The insect-world is legion; immense hairy spiders, and also the trap-door spider is a wonderful creature, the mechanism of hinge, door, and entrance are perfect works of art.
I was told by some of the people at Mongwato that there are in Khama’s territory over 200 cattle-posts, in addition to vieh-posts for sheep and bucks. The main and only transport road from Mongwato to the Matabeleland passes along by the east end of the range of hills by the town, through a thick bush to the Mokalapsie river, thirty miles, a large and broad stream in the rainy season. Upon its banks are many cattle-posts, and it is much visited by lions. From this river the road continues in a north-north-east direction, crossing the metley or sand river, Tuane, on to Chakani pan, distant from Mongwato fifty-four miles, one of the most lovely spots on this road, where I spent three weeks exploring. I outspanned under a clump of trees close to the pan, but had to shift my waggon into the open, the trees being full of tree-toads, and large lizards occupied every hole in them. The toads would drop down on to my waggon and make themselves very comfortable on my boxes and bed. The large lizard had every look of being a dangerous reptile to have a bite from. They were beautifully marked, the front of the head had a well-shaped heart of a silver grey, with a well-shaped letter Y of a rich red brown. I endeavoured to obtain a specimen, but could not get them to come out.
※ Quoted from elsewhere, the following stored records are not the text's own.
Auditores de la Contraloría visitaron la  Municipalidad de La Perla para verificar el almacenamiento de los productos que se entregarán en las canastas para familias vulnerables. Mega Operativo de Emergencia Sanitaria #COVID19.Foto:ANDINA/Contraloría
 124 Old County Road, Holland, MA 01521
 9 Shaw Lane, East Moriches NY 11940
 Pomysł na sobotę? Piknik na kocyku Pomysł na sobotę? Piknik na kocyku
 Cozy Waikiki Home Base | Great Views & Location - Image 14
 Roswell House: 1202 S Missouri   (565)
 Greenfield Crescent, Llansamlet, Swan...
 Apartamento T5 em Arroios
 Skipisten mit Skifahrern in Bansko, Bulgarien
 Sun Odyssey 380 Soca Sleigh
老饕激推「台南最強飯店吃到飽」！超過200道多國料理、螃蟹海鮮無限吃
There are some very fine specimens of the euphorbia and lotus trees away in the bush, and also fine timber trees of other kinds. My delay here for three weeks was compulsory, as there was no water to be had beyond this point for 150 miles. This being part of the doorst land, and as the season had been very dry, all the pans were empty. I was compelled to wait until the storms, which are usual at this time of year (October), filled them. The last week of my stay severe thunderstorms were seen in the north every afternoon, which gave me hope of a good supply on the road, and occasionally we had severe storms at the pan, but not a drop of rain fell. The lightning was terrific; and the thunder following, rolling over the hills and forest trees, shaking the very ground, was grand. I always kept from three to four days’ supply of water in my waggons, in casks and iron cans, never leaving without having them filled, which I personally looked to. But in this case I omitted doing so, thinking my driver would attend to it, as I had been out early in the saddle after game, and arrived at the waggon as the oxen were inspanned ready to go forward, as I fully believed water would be plentiful; therefore, on leaving Chakani pan, I thought we were full up with water, instead of which we had only a day’s supply. To give a clearer insight what travelling is in a parched-up country like this, where rain has not fallen for six months, I will quote from my journal a week’s trek through it.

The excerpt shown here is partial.